**Excerpted data**
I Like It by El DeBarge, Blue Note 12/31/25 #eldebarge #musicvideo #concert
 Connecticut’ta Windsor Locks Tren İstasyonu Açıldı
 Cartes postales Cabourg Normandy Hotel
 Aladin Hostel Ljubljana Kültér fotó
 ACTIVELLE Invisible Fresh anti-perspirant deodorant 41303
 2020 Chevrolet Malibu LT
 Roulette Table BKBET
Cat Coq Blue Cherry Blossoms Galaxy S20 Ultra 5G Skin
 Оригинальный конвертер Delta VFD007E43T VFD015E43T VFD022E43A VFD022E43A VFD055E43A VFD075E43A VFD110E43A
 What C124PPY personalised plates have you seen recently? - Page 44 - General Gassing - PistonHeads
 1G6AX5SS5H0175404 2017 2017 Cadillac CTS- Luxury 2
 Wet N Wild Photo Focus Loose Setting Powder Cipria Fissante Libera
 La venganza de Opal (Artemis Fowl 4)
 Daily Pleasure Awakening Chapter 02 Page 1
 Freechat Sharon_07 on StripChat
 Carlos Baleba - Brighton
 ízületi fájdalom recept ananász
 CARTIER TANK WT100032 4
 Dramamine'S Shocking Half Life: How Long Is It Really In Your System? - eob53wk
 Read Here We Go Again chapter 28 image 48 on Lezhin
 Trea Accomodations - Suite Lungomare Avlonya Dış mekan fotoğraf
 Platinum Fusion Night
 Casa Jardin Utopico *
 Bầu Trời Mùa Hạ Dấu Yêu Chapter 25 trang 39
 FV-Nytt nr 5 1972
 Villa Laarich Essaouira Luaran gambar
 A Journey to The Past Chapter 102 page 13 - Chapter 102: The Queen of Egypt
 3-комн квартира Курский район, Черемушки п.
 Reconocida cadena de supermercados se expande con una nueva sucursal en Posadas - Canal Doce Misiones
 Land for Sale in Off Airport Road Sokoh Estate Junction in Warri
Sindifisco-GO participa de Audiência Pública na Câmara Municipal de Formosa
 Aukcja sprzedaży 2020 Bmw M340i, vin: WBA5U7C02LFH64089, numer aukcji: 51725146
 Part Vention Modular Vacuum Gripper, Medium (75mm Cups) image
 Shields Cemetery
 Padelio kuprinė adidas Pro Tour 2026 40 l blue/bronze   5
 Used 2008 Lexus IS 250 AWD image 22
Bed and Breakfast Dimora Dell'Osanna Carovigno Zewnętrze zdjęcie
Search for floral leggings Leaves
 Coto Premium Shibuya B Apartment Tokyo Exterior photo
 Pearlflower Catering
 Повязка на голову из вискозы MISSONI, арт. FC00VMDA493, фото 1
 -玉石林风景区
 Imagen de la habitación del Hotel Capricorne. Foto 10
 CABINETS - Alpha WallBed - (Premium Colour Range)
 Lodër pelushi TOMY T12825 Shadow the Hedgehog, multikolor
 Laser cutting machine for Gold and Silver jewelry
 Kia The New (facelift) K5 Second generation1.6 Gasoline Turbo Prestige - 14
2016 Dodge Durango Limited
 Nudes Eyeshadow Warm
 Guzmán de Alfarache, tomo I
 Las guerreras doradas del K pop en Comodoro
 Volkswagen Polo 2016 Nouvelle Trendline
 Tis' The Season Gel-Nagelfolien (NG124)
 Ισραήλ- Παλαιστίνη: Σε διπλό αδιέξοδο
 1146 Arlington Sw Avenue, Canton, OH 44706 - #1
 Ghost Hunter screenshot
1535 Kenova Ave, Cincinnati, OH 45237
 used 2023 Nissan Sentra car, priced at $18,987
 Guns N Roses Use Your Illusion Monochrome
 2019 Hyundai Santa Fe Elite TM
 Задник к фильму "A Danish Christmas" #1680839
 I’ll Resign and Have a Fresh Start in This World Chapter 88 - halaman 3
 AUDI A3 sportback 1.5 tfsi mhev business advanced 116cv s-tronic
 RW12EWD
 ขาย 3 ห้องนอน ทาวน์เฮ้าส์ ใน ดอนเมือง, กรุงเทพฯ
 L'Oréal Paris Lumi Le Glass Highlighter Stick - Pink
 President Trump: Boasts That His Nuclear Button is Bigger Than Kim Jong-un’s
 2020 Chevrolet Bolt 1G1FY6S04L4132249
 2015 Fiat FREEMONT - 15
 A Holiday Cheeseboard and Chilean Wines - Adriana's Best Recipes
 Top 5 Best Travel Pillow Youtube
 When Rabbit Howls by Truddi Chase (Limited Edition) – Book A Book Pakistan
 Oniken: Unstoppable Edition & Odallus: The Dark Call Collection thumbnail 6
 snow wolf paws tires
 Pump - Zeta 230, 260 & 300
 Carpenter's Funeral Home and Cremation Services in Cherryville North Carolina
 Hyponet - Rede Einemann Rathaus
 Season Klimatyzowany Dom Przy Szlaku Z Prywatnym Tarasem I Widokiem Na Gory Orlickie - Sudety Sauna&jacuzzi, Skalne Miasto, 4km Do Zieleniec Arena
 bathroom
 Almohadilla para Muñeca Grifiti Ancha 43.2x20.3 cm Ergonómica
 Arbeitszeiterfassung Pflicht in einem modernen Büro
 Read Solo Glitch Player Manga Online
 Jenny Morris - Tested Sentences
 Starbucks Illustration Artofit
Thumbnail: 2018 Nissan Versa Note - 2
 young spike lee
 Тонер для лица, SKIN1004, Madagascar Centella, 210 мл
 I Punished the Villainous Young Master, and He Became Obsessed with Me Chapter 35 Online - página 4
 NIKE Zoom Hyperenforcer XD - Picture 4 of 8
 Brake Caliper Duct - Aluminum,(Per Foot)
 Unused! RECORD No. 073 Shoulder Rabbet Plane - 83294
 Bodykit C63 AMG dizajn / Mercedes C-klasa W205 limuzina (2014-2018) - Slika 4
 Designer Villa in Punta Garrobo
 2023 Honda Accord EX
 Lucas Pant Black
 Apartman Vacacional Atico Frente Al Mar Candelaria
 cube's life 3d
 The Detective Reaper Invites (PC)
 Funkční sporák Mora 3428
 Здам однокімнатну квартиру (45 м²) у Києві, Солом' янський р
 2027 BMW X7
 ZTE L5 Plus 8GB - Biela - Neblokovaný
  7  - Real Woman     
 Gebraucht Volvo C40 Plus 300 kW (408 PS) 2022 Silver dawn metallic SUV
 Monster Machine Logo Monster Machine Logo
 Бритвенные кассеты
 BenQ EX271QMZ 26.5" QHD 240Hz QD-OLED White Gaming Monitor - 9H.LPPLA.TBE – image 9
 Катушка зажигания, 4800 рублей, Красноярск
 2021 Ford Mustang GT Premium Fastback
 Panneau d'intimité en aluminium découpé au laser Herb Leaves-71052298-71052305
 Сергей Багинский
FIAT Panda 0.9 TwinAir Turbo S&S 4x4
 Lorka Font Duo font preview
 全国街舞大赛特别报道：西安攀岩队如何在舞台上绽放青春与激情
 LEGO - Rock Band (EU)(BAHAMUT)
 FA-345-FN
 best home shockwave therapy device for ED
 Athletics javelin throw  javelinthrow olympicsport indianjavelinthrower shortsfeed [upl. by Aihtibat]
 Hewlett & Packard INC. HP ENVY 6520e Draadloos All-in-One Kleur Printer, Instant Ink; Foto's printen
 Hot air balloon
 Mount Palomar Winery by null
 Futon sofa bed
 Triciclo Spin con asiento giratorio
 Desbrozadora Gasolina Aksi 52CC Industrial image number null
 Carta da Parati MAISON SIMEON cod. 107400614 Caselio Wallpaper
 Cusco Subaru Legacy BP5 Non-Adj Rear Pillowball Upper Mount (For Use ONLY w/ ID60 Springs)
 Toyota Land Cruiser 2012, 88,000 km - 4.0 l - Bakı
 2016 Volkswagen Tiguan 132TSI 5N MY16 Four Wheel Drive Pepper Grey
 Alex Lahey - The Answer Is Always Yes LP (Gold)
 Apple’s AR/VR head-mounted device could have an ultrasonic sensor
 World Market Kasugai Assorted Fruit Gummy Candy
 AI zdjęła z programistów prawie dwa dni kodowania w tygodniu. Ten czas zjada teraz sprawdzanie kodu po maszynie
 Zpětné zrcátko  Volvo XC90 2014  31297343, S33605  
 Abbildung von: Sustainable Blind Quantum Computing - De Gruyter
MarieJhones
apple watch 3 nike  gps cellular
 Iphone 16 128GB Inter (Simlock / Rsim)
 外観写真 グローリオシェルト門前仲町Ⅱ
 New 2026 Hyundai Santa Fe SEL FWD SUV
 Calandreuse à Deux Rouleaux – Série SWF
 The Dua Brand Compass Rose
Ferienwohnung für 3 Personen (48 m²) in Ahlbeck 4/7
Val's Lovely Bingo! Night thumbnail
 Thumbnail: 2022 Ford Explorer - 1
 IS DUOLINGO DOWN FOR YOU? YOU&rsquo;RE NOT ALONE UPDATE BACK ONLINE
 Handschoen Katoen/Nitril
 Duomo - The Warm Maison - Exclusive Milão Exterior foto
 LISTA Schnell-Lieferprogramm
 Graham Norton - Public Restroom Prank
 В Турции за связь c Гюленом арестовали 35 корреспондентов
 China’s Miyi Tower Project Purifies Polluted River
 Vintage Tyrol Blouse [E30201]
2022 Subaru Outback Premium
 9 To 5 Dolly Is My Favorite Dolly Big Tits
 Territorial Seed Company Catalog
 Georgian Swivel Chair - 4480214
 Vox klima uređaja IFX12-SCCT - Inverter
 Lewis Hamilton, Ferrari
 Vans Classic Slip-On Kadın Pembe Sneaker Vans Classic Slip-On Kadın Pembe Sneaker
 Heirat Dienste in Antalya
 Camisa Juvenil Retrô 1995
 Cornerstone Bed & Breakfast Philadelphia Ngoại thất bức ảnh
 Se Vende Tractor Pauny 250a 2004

**Work required**
Set out exactly the run of lines that begins at the line holding "Duomo - The" and ends at the last line of the data.

**Result of this task**
 Duomo - The Warm Maison - Exclusive Milão Exterior foto
 LISTA Schnell-Lieferprogramm
 Graham Norton - Public Restroom Prank
 В Турции за связь c Гюленом арестовали 35 корреспондентов
 China’s Miyi Tower Project Purifies Polluted River
 Vintage Tyrol Blouse [E30201]
2022 Subaru Outback Premium
 9 To 5 Dolly Is My Favorite Dolly Big Tits
 Territorial Seed Company Catalog
 Georgian Swivel Chair - 4480214
 Vox klima uređaja IFX12-SCCT - Inverter
 Lewis Hamilton, Ferrari
 Vans Classic Slip-On Kadın Pembe Sneaker Vans Classic Slip-On Kadın Pembe Sneaker
 Heirat Dienste in Antalya
 Camisa Juvenil Retrô 1995
 Cornerstone Bed & Breakfast Philadelphia Ngoại thất bức ảnh
 Se Vende Tractor Pauny 250a 2004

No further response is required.